Thanks guys! Skinner Winco sure has a great bulk foods dept.:!:


----------



## Mr Muleskinner (Feb 14, 2012)

Dunkem said:


> Thanks guys! Skinner Winco sure has a great bulk foods dept.:!:


yes they do. Good meat department as well. One of the only place I can ever find full sized beef ribs.

The last pinenuts we got were at Costco.


----------



## Dunkem (May 8, 2012)

Mr Muleskinner said:


> yes they do. Good meat department as well. One of the only place I can ever find full sized beef ribs.
> 
> The last pinenuts we got were at Costco.
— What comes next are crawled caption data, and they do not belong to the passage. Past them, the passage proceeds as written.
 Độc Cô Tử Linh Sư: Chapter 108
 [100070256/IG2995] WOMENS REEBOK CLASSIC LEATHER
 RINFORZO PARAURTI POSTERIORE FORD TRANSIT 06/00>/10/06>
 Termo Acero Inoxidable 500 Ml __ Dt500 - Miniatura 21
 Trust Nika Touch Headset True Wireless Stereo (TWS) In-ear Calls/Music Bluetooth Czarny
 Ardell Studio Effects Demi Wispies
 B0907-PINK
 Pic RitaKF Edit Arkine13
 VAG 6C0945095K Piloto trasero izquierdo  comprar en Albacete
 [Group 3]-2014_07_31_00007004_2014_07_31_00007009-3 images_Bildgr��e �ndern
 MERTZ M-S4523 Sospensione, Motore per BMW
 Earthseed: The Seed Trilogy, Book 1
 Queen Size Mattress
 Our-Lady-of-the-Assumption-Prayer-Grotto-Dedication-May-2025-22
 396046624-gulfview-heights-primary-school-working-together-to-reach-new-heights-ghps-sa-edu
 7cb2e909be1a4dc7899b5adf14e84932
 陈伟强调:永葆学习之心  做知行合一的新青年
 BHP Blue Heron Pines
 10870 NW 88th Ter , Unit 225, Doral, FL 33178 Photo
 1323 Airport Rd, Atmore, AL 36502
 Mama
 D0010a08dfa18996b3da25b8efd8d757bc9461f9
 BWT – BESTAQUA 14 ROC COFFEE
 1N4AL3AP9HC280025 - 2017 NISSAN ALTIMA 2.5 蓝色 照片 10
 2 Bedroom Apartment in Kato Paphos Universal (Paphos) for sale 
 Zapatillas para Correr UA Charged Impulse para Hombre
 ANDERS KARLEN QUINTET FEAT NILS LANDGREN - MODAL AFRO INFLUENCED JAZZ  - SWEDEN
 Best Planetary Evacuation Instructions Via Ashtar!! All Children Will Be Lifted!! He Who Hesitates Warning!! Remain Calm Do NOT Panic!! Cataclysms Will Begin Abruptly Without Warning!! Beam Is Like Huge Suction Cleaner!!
Thanks ,will try them tomorrow.By the way with the holidays coming we will have beef ribs off of our own ribs which tend to have abit more meat on them.PM me if you need some and I will save some8)


----------



## Mr Muleskinner (Feb 14, 2012)

count me in Dunkem. Can't get enough of good beef ribs.


----------



## Al Hansen (Sep 7, 2007)

Saw a sign up in front of Socco's (spl) in Sunset.


----------



## Afishnado (Sep 18, 2007)

At what time of year do people usually harvest pine nuts?


----------



## Critter (Mar 20, 2010)

September for in the cones to late October when you can find them on the ground.


----------



## bowgy (Oct 10, 2007)

Afishnado said:


> At what time of year do people usually harvest pine nuts?


Cones start to pop open after the first frost.


----------



## guner (Sep 25, 2007)

Just to throw it in there.... I see a truck everyday for past week selling them on the side of the road. don't know where you are but they are parked at 4000 W and like 9000 and 1/2  So in West Jordan. If they are there Monday I can see the cost and grab ya some if you want. wont even make ya pay my generous 30% mark up :shock:


----------



## Dunkem (May 8, 2012)

guner said:


> Just to throw it in there.... I see a truck everyday for past week selling them on the side of the road. don't know where you are but they are parked at 4000 W and like 9000 and 1/2  So in West Jordan. If they are there Monday I can see the cost and grab ya some if you want. wont even make ya pay my generous 30% mark up :shock:


Thanks guner,thats close to my house.Ill go by there and check it out8)


----------



## guner (Sep 25, 2007)

Well hey then neighbor ;-) It's been parked on the dirt across from the Gas station/Mcdonalds


----------



## 2full (Apr 8, 2010)

IFA in Cedar City has some.
Got some the other day, pretty good ones, with good size.


----------